Le plan logement de l'UE donne aux villes de nouveaux outils pour freiner les locations de courte durée
Le commissaire européen au logement, Dan Jørgensen, lance un texte qui renforce la capacité des municipalités à réguler les locations touristiques, les résidences secondaires et les logements vacants.
Le commissaire européen à la politique du logement, Dan Jørgensen, a annoncé cette semaine le lancement d'une loi sur le logement abordable destinée à offrir aux villes une base juridique plus claire pour lutter contre les locations de courte durée, les résidences secondaires et les logements vides dans les zones où la tension du marché immobilier est manifeste.
Ce que couvrent les nouvelles règles
Le texte ne promet pas de logements bon marché pour chaque Européen, a souligné Jørgensen lors d'une conférence de presse. Il définit la « tension du logement » comme une situation où les prix des maisons et les loyers locaux dépassent largement les revenus moyens, permettant aux municipalités de justifier des mesures telles que la limitation du nombre d'annonces sur les plateformes, l'instauration de taxes sur les logements vacants ou la restriction de la conversion de locations de longue durée en hébergements touristiques.
Les données fournies par la Commission montrent que les locations de courte durée sur les grandes plateformes ont presque doublé entre 2018 et 2024. À Madrid centre, par exemple, on compte environ 40 unités destinées aux touristes contre 100 contrats de location de longue durée, illustrant l'ampleur du basculement de la demande.

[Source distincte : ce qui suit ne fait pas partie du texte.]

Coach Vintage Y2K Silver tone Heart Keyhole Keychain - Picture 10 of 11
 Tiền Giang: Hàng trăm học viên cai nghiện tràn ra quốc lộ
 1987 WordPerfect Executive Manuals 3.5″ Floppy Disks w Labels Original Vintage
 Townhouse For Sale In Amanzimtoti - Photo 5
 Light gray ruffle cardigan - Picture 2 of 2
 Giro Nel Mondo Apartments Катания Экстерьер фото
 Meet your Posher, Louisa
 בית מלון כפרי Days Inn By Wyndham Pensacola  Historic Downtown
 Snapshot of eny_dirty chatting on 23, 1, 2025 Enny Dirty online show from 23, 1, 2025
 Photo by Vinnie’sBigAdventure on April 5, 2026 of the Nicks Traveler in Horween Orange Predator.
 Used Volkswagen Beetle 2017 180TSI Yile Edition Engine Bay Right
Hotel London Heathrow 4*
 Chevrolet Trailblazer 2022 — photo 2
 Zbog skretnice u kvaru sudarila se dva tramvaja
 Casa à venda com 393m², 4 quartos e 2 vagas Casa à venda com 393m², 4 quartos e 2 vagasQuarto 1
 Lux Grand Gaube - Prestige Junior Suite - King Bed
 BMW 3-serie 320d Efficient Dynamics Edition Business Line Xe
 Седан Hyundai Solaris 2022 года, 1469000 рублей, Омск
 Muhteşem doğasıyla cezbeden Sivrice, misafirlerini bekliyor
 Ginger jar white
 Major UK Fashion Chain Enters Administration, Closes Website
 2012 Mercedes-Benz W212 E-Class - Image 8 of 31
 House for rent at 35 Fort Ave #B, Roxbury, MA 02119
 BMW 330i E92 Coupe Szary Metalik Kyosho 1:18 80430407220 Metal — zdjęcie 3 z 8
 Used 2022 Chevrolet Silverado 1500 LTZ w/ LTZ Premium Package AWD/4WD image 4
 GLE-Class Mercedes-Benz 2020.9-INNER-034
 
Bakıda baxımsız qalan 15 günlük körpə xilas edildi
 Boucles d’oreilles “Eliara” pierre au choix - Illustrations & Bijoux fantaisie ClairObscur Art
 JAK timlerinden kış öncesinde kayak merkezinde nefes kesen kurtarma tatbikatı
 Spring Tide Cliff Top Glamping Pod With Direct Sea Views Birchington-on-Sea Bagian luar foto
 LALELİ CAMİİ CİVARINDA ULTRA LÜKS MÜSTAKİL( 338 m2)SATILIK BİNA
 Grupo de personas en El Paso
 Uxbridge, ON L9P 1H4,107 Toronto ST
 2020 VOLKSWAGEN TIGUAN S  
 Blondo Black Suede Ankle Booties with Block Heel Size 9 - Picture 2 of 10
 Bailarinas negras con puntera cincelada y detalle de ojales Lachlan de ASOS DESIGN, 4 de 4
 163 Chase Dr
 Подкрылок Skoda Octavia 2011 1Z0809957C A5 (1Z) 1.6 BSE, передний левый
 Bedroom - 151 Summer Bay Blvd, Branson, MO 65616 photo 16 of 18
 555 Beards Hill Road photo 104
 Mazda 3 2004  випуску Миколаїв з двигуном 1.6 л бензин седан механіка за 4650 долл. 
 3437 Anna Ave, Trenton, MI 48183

Réactions locales et batailles juridiques
Plusieurs villes ont déjà pris des mesures pour freiner ce boom. Barcelone prévoit une interdiction totale des locations de courte durée à partir de 2028, tandis qu'Amsterdam et Vienne ont introduit des limites spécifiques à certains quartiers. Paris plafonne le nombre de nuits qu'un logement peut être loué à des touristes. Ces initiatives ont souvent été contestées devant les tribunaux. En mai, des propriétaires et des groupes du tourisme à Florence ont perdu un procès contre les restrictions municipales, et en mars, l'appel d'Airbnb contre une amende espagnole pour annonces illégales a été rejeté.
Jørgensen a fait valoir que les travailleurs essentiels du service public, enseignants, policiers et personnel de santé, sont exclus du marché dans les villes où les locations touristiques se sont multipliées. Il a déclaré que le rôle de l'UE est de veiller à ce que les règles du marché intérieur n'empêchent pas les municipalités de répondre aux préoccupations des citoyens.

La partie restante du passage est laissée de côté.